**TASK GOAL**:
Could you repeat every line below exactly, skipping the images?

(Saved data entries)
· · ·

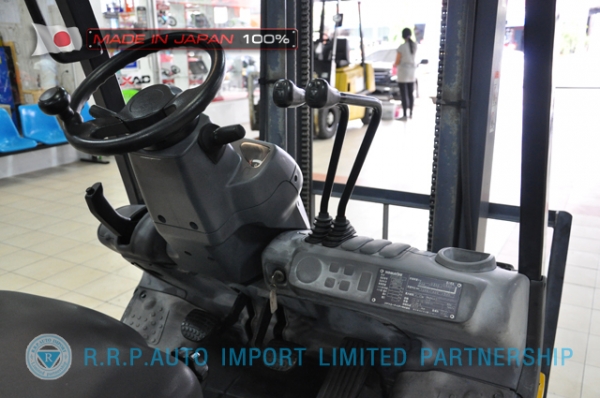 ขายรถโฟล์คลิฟท์มือสอง KOMATSU รุ่น FG15T-20-670009 นำเข้าจากประเทศญี่ปุ่น 100\% ไม่เคยใช้งานในไทย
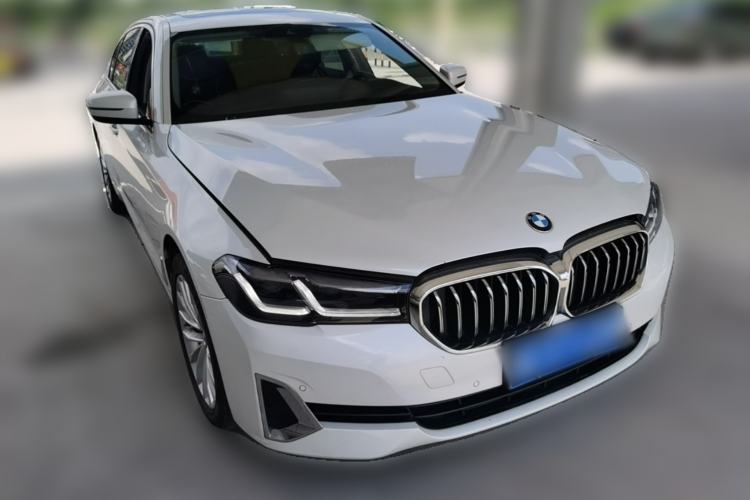 Used BMW 5 Series 2021 Updated Version 525Li Luxury Package Front Right 45 Deg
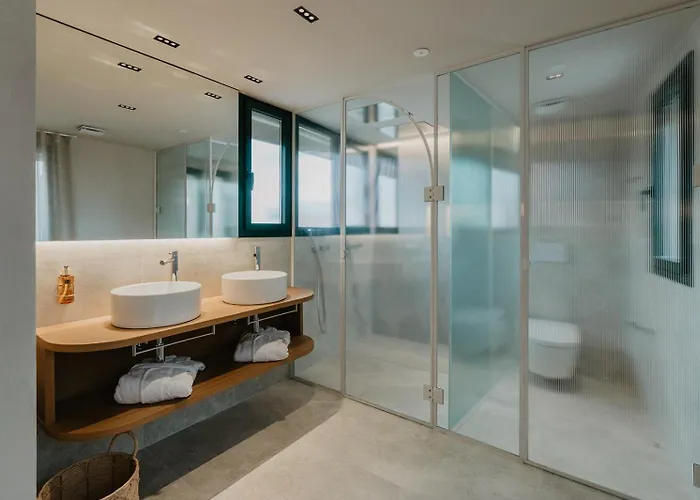 Petit Luxe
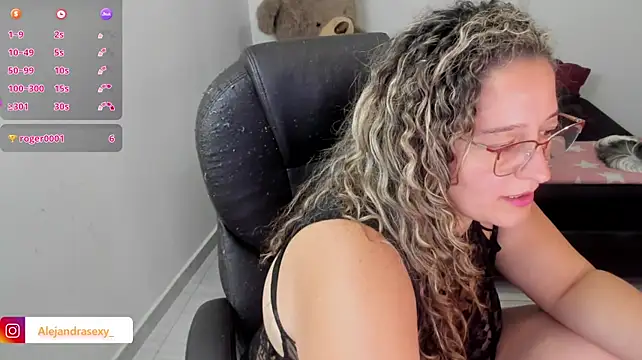 alejandra_milf_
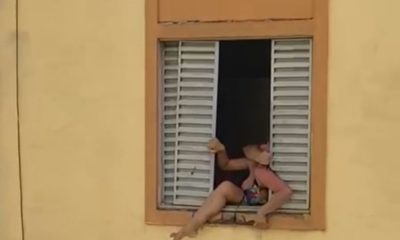 Maria José foi filmada tentando pular a janela do segundo andar durante a briga — Foto: Reprodução/rede social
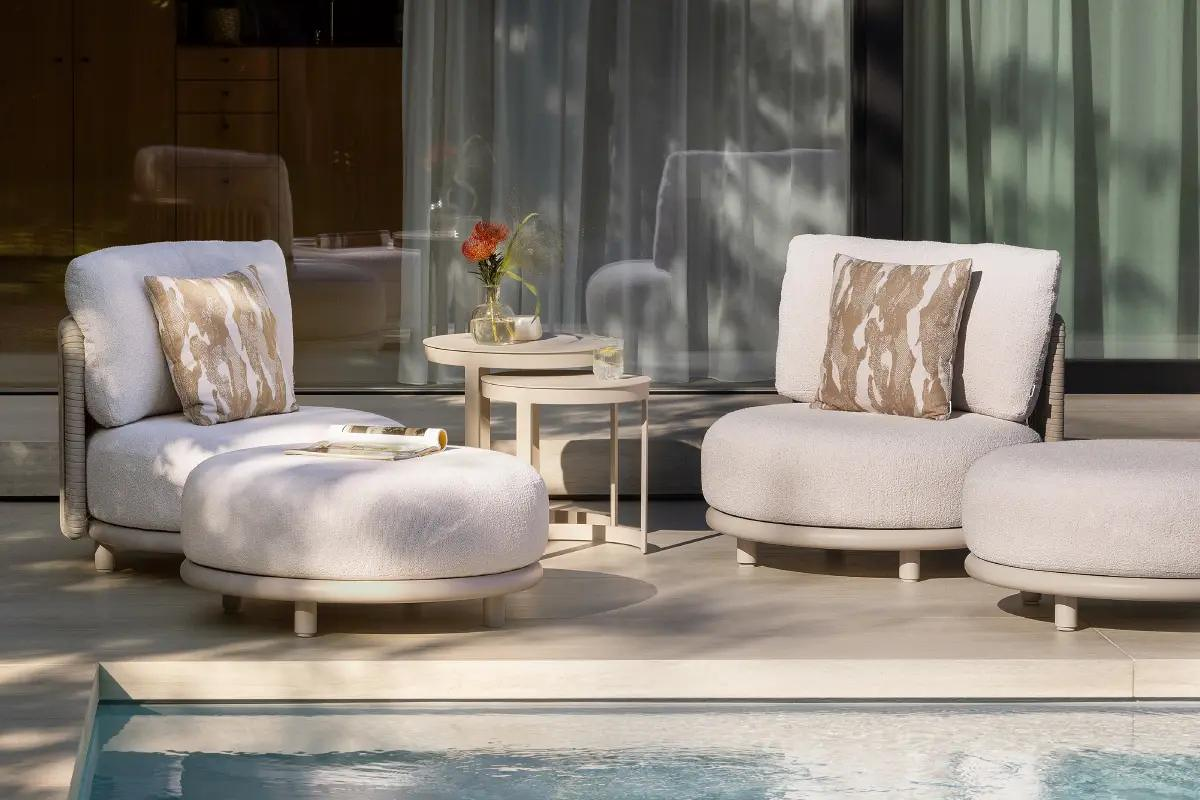 Zomers terras met Lomano loungestoelen van Bristol à la carte door Exterioo tuinmeubelen
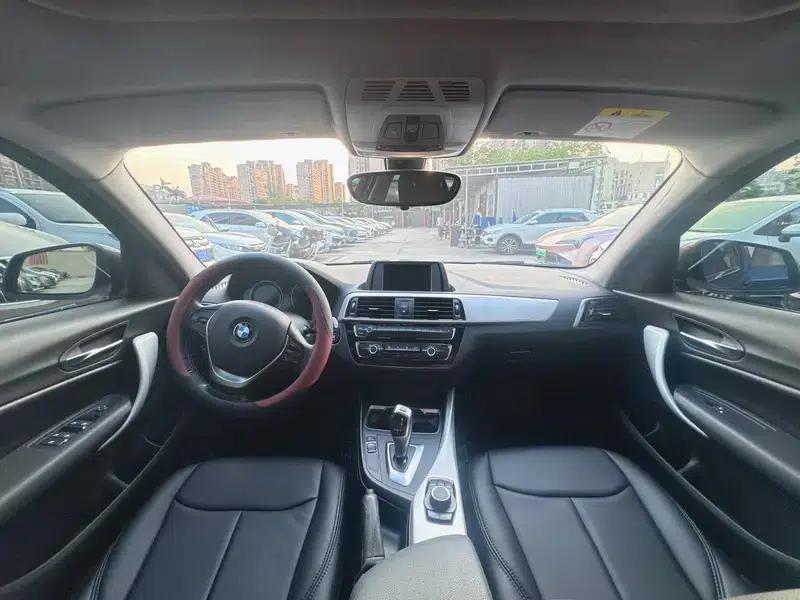 BMW 1 Series (Imported) 2018 118i Leading Edition — миниатюра 8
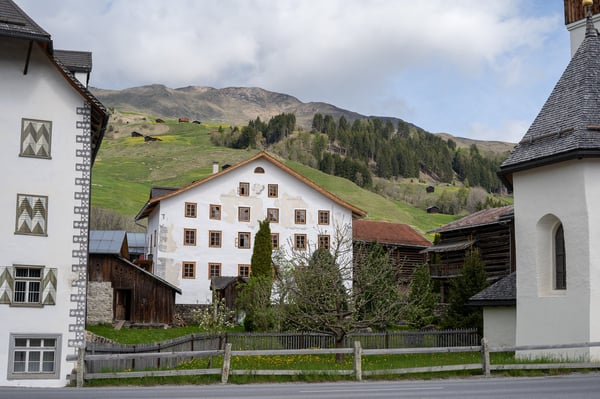 Dachwohnung in der historischen Casa Grischa 2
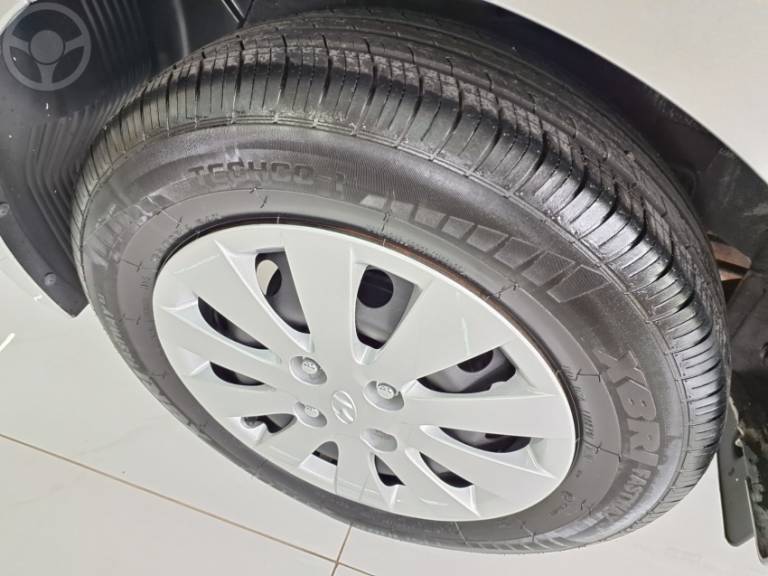 HYUNDAI - HB20 1.0 COMFORT 12V FLEX 4P MANUAL - 2013/2013 - PRATA - R$ 39.999,00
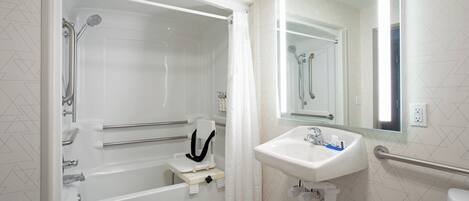 Un baño con bañera, lavamanos, inodoro y ducha.
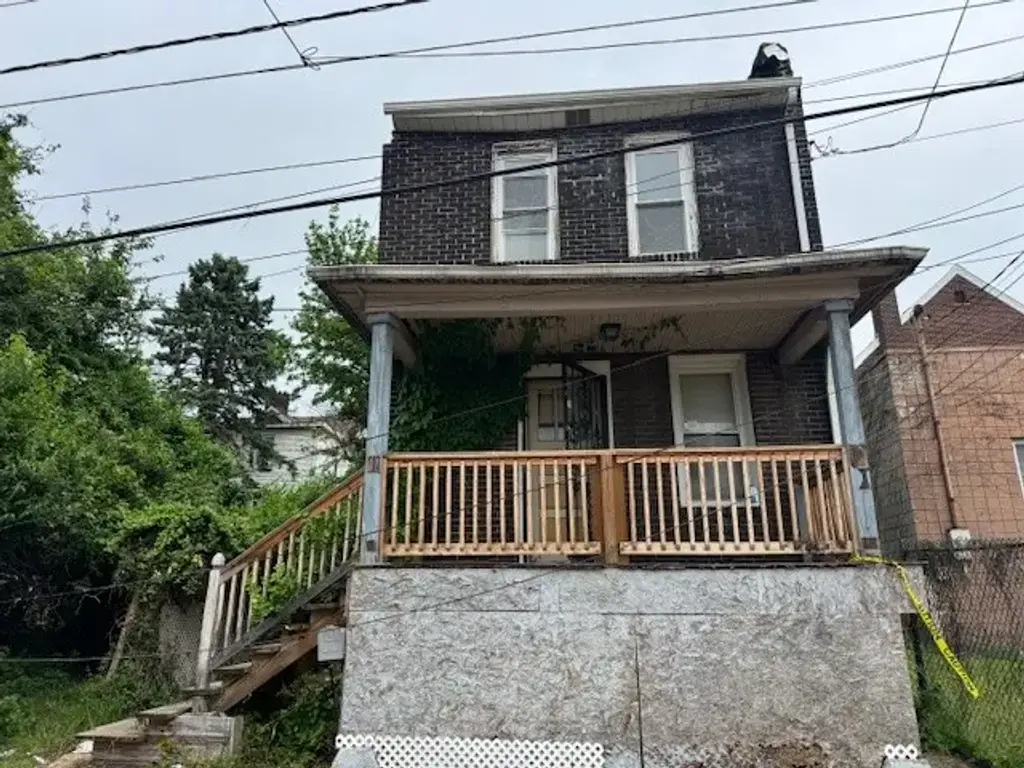 2462 Scott Way, Swissvale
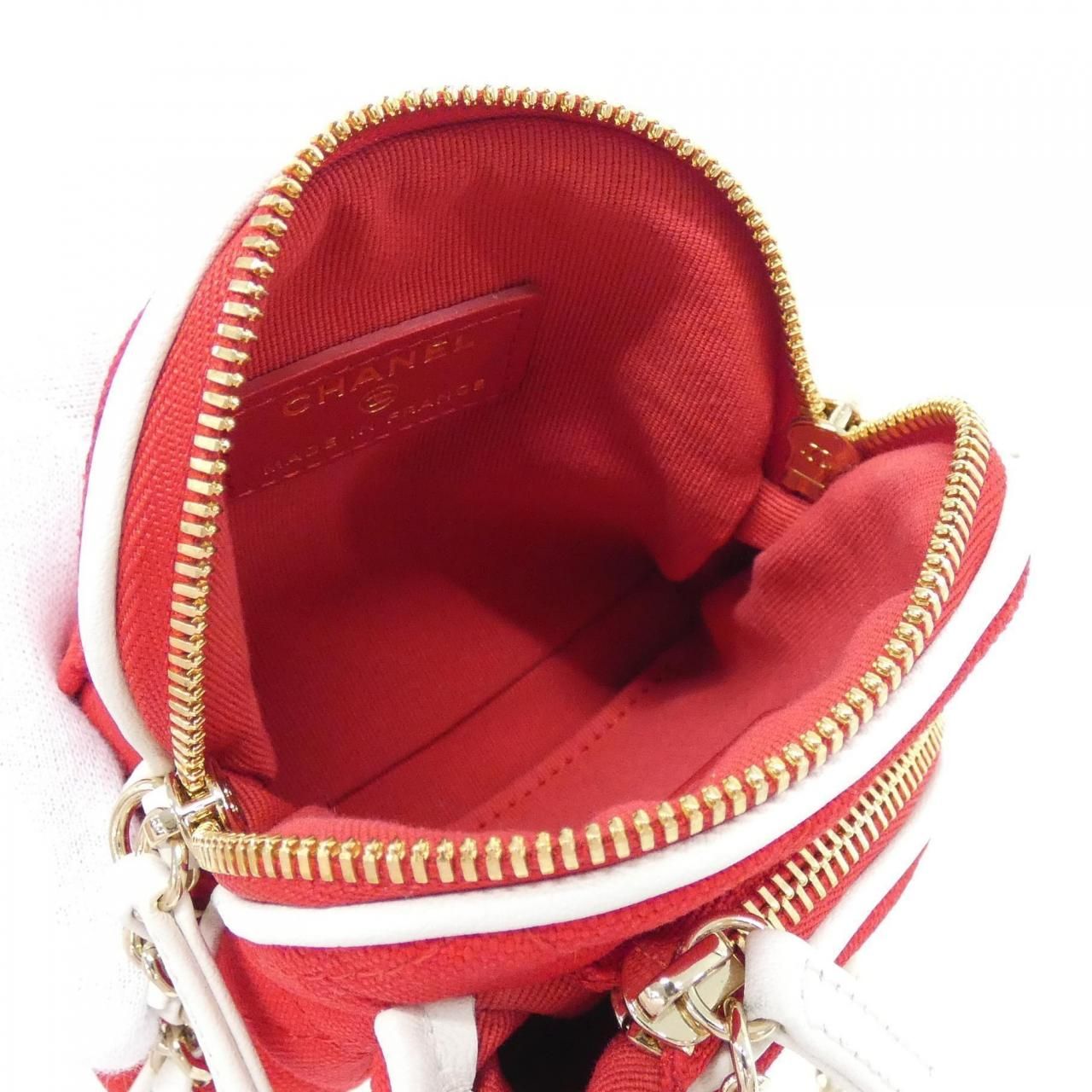Chanel Shoulder Bag Red — view 8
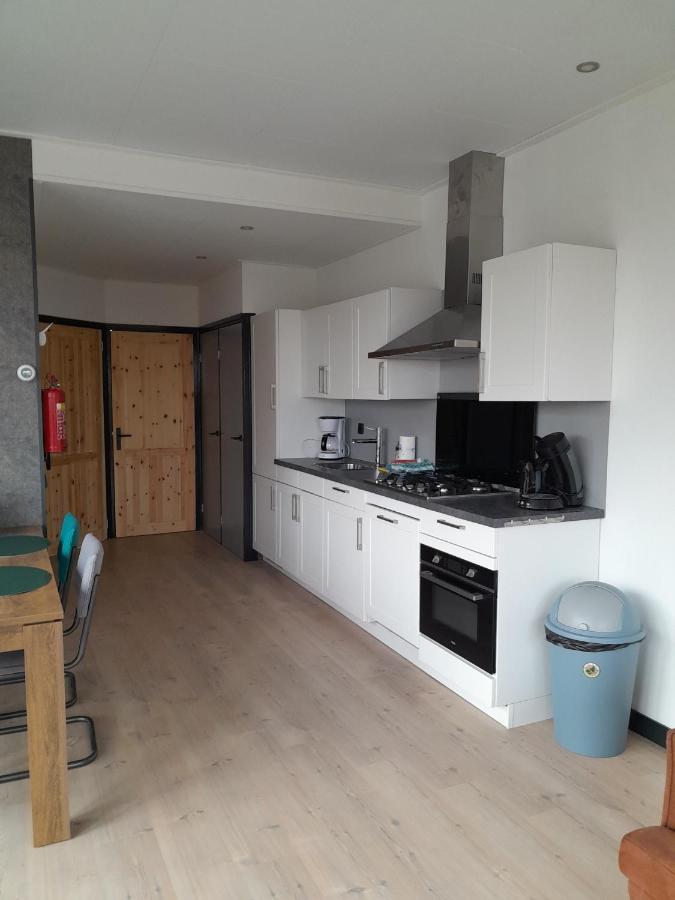 Luxe 5 Persoons Bungalow Op Rustig Vakantiepark Nabij Leeuwarden Dronrijp 外观 照片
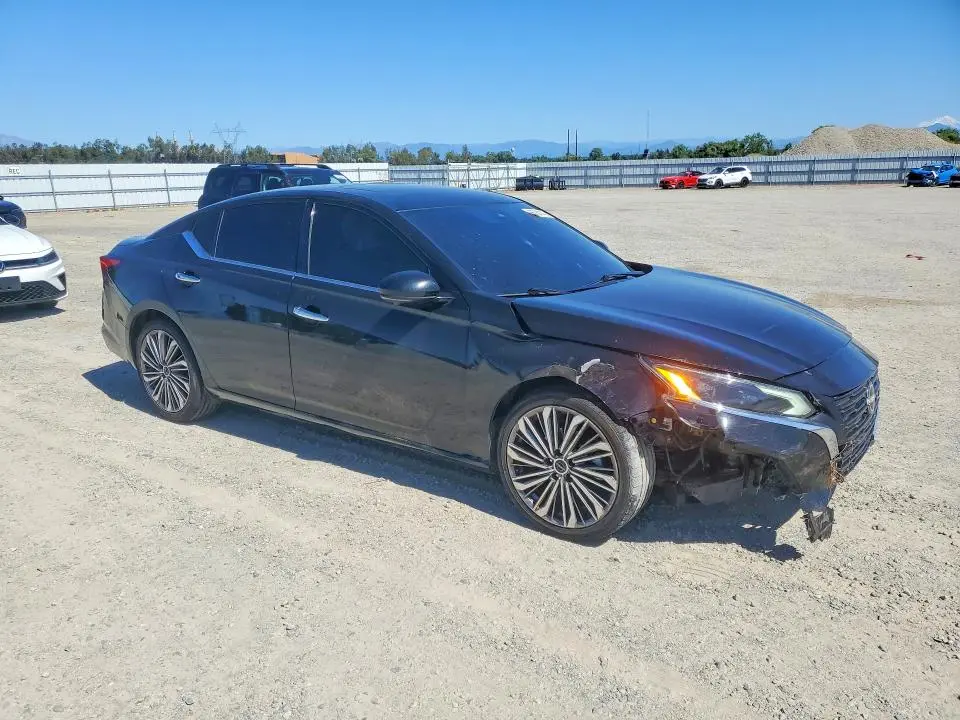 2023 NISSAN ALTIMA SL  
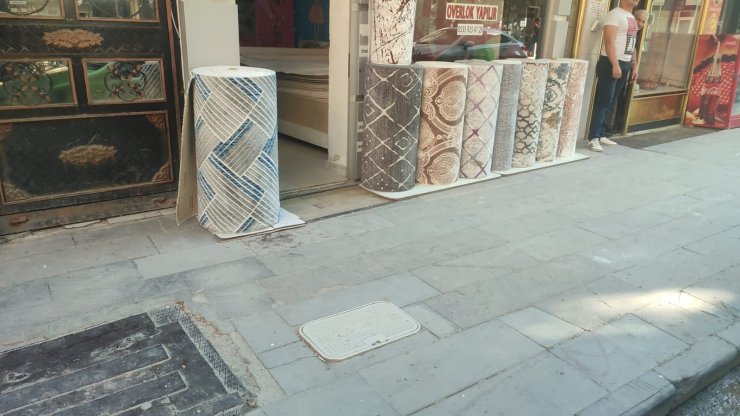 Kaldırımda yürürken üstlerine beton parçaları düşen baba ve kızı yaralandı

· · ·

**RESPONSE AREA**:
 ขายรถโฟล์คลิฟท์มือสอง KOMATSU รุ่น FG15T-20-670009 นำเข้าจากประเทศญี่ปุ่น 100\% ไม่เคยใช้งานในไทย
 Used BMW 5 Series 2021 Updated Version 525Li Luxury Package Front Right 45 Deg
 Petit Luxe
 alejandra_milf_
 Maria José foi filmada tentando pular a janela do segundo andar durante a briga — Foto: Reprodução/rede social
 Zomers terras met Lomano loungestoelen van Bristol à la carte door Exterioo tuinmeubelen
 BMW 1 Series (Imported) 2018 118i Leading Edition — миниатюра 8
 Dachwohnung in der historischen Casa Grischa 2
 HYUNDAI - HB20 1.0 COMFORT 12V FLEX 4P MANUAL - 2013/2013 - PRATA - R$ 39.999,00
 Un baño con bañera, lavamanos, inodoro y ducha.
 2462 Scott Way, Swissvale
Chanel Shoulder Bag Red — view 8
 Luxe 5 Persoons Bungalow Op Rustig Vakantiepark Nabij Leeuwarden Dronrijp 外观 照片
 2023 NISSAN ALTIMA SL  
 Kaldırımda yürürken üstlerine beton parçaları düşen baba ve kızı yaralandı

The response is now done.